Un projet de loi liberticide (Lise Ravary, Le Journal de Montréal)

Un tribunal de la censure (Richard Martineau, Le Journal de Montréal)

Couillard's Speech Police Proposal (Don MacPherson, The Gazette)

La mauvaise loi (Josée Boileau, Le Devoir)

La loi comme bâillon (Denise Bombardier)

• «Ce n'est peut-être pas un projet liberticide, car la jurisprudence a déjà établi que seuls les propos qui incitent à la "détestation extrême" peuvent être qualifiés de haineux. Mais même si le risque n'est pas immense, il existe. Et Québec n'a pas démontré pourquoi il mérite d'être pris» (Paul Journet, Excès de politesse, La Presse)

• «Stéphanie Vallée, responsable du PL59, refuse de voir ce qui aveugle les amoureux de la liberté d'expression: ce projet de loi est liberticide» (Lise Ravary, Il faut écouter Fatima, Le Journal de Montréal)

• «Le projet de loi est "totalement inconciliable avec les assises d'une société libre et démocratique", ont récemment soutenu les porte-parole des Juristes pour la défense de l'égalité et des libertés fondamentales, Julius Grey et Julie Latour» (Le Devoir)

• «C'est du totalitarisme pur.
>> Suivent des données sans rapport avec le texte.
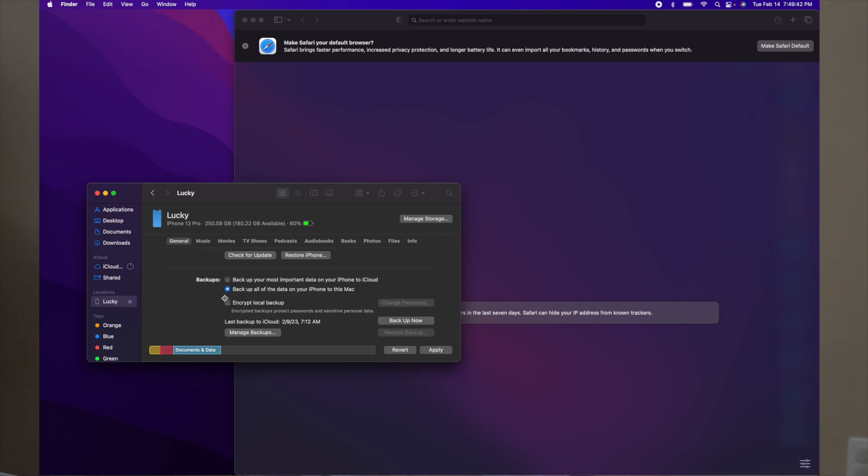If you would like to, you can encrypt the local data backup. What encryption means is it allows you to set a password, so that none of your information goes to a different iPhone or a different computer, and they can't access the files. Only you have the information in order to get inside of it.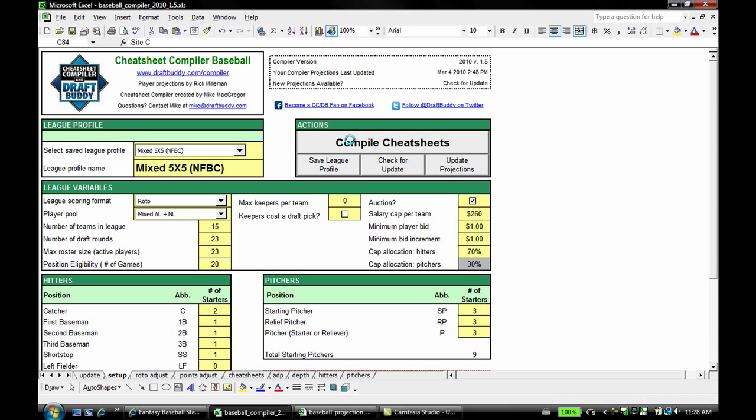So that was a demonstration of ProjectionPal, an add-on for the cheat sheet compiler in DraftBuddy, available at DraftBuddy.com.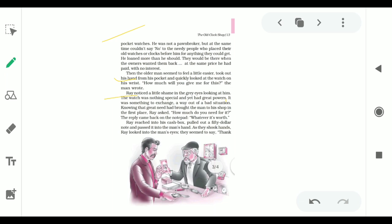Ray believed that the watch was so expensive at that time to get out of that worse situation. Knowing that great need had brought the man to his shop in the first place, Ray asked how much do you need for it. The reply came back on the notepad: whatever it's worth. Ray believed that it was a good deal for him to get out of the bad situation. Ray asked him how much he needed for it and the old man replied that whatever its value is.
De quoi accabler la société d'une chape de plomb faite de censure et d'autocensure» (Lysiane Gagnon, Un projet liberticide, La Presse)
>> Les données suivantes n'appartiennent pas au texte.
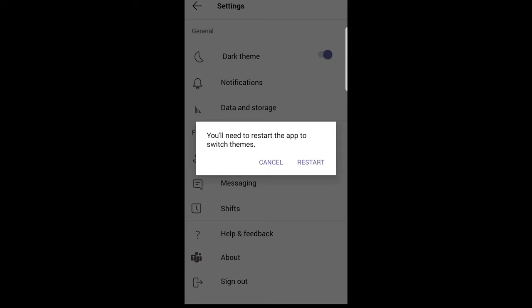This will enable dark mode on Microsoft Teams. That's how you can change Microsoft Teams to dark mode.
Les éditoriaux du Canada anglais sont également unanimes:

Franchement, on a l'air fous. Comme quoi il peut arriver que ce ne soit pas toujours le Parti québécois et l'Office de la langue française qui nous fassent honte. En effet, n'a-t-on pas compris combien il est périlleux de se fier sur le jugement de fonctionnaires pour ce qui est de décider de ce qui est acceptable ou pas, moralement «tolérable» ou pas?
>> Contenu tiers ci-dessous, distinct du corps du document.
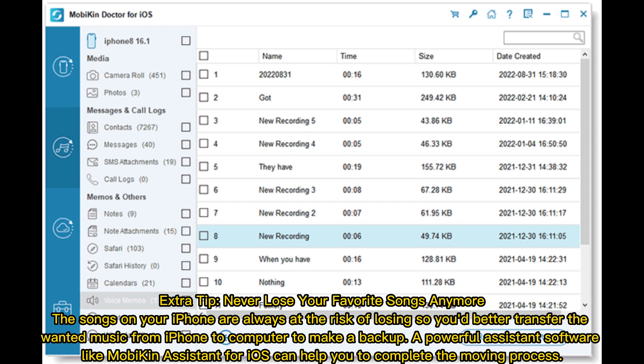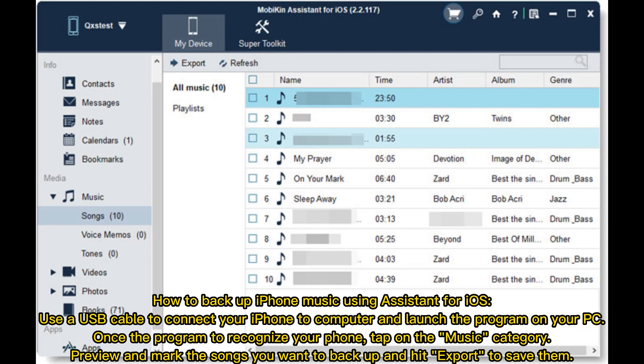Extra Tip — Never lose your favorite songs again. The songs on your iPhone are always at risk of being lost, so it's better to transfer and back them up. A powerful assistant software like Mobicon Assistant for iOS can help you complete the process. Use a USB cable to connect your iPhone to your computer and launch the program. Once the program recognizes your phone, tap on the Music category, preview and mark the songs you want to back up, and hit Export to save them.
A-t-on besoin de rappeler les cas de Ezra Levant et de Mark Steyn, qui se sont fait poursuivre par des Commissions des droits de la personnes de l'Alberta et de l'Ontario? Encore aujourd'hui, Ezra Levant est poursuivi pour avoir «insulté» la Commission des droits de la personne de l'Alberta.

This October I will be prosecuted for one charge of being "publicly discourteous or disrespectful to a Commissioner or Tribunal Chair of the Alberta Human Rights Commission" and two charges that my "public comments regarding the Alberta Human Rights Commission were inappropriate and unbecoming and that such conduct is deserving of sanction."

Because last year I wrote a newspaper editorial calling Alberta's human rights commission "crazy".

Ça, c'est ce que ça donne, une police de la parole, les amis. Des bureaucrates (OQLF) qui se permettent de rendre la vie dure à des commerçants pour ne pas avoir posé des collants par-dessus les «on» et «off» de photocopieuses ou qui se donnent comme mission de discipliner les écarts de langage de gens qu'ils veulent ultimement faire taire.

La ministre Vallée et le premier ministre Couillard devraient prendre 9 minutes pour écouter cette video, ne serait-ce que pour parfaire leur culture personnelle. Si cela ne les fait pas réfléchir sur le projet de loi 59 qu'ils devraient, de façon responsable, carrément mettre à la poubelle, on sera en droit de nous demander ce qui les motive, dans le fin fond de leur conscience, à s'obstiner à contenir la liberté d'expression au Québec.